Há dois meses não se vislumbrava a possibilidade de Rui Rio vencer António Costa, face à constante diferença nas intenções de voto de cerca de quinze por centro entre PS e PSD ao longo dos últimos anos. Não é simples encontrar uma explicação para que os partidos surjam tão próximos com o passar de um só mês, admite-se o contributo da coresponsabilização do PS pelas eleições antecipadas, o cansaço do governo, as trapalhadas de alguns ministros ou uma cíclica vontade de mudança.
Não restam dúvidas que a vitória interna de novembro deu novo fôlego a Rio, mostrando-se capaz de unir o partido ou de ter o partido unido em seu redor por tacticismo ou cálculo político, não sendo improvável que uma nova derrota contra Costa ou a incapacidade para formar governo, faça ressurgir a oposição interna. A sujeição a eleições internas que não queria terá sido a alavanca para uma afirmação de liderança que o país lhe pode vir a reconhecer.
O problema está no panorama parlamentar pós-eleitoral, no caso de nenhum dos dois partidos assegurar por si só uma maioria absoluta. Se o PS ganhar com minoria, tendo já recusado a oferta para entender-se com o PSD, terá de negociar à esquerda, o que se afigura complicado, depois de goradas as negociações para a aprovação do último orçamento, a não ser que seja Pedro Nuno Santos a liderar o governo. Costa antecipou a questão, elevando a fasquia para a maioria absoluta, num quadro em que a possibilidade de tal ocorrer nunca foi tão baixa. O PSD enfrenta a mesma situação à direita, em que a melhor hipótese de ter maioria no parlamento impõe o apoio do Chega, que sempre rejeitou.

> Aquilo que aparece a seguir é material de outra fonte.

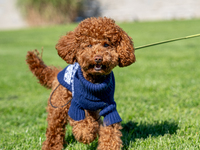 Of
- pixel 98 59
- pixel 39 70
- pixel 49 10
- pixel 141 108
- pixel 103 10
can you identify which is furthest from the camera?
pixel 103 10

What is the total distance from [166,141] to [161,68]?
20.4ft

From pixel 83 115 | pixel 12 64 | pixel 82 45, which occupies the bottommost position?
pixel 12 64

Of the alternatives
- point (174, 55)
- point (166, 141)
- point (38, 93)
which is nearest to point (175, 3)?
point (174, 55)

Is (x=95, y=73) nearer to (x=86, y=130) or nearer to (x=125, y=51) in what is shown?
(x=125, y=51)

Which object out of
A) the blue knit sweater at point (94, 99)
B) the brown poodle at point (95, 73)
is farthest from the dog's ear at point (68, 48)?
the blue knit sweater at point (94, 99)

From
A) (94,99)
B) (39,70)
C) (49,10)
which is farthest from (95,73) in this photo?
(49,10)

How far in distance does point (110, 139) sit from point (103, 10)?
32.9 m

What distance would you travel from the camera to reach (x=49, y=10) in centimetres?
3250

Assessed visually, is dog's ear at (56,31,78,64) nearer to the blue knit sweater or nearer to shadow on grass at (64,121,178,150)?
the blue knit sweater

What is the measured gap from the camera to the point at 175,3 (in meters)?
32.6

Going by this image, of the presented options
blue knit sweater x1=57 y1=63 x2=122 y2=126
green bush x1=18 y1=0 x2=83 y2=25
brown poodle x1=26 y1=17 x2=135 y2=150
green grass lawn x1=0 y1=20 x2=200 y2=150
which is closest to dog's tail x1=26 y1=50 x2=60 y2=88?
green grass lawn x1=0 y1=20 x2=200 y2=150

Pode estar a aguardar o resultado das próximas sondagens e, se a projeção do crescimento do PSD se mantiver, acompanhará o pedido do partido rival para que o povo lhe confira uma maioria absoluta, na expetativa que pelo menos a obtenha no Parlamento com o apoio do CDS e da Iniciativa Liberal.

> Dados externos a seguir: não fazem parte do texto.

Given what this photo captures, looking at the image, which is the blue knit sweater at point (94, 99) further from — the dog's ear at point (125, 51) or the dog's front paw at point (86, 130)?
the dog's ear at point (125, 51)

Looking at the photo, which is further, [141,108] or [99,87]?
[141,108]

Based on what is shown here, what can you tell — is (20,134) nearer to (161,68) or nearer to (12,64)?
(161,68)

A História política francesa dos últimos 35 anos não deixa margem para dúvidas que o regresso ao poder do centro-direita é tranquilo, nos mesmos moldes em que se aceita um governo de centro-esquerda, venha ou não a concretizar-se em Portugal nas próximas legislativas, aliás, as posições sobre o parlamentarismo, a integração na União Europeias, as parcerias económicas e políticas externas, a defesa, não se diferenciam significativamente entre PS e PSD, o busílis está na diferente valorização do mérito da iniciativa privada.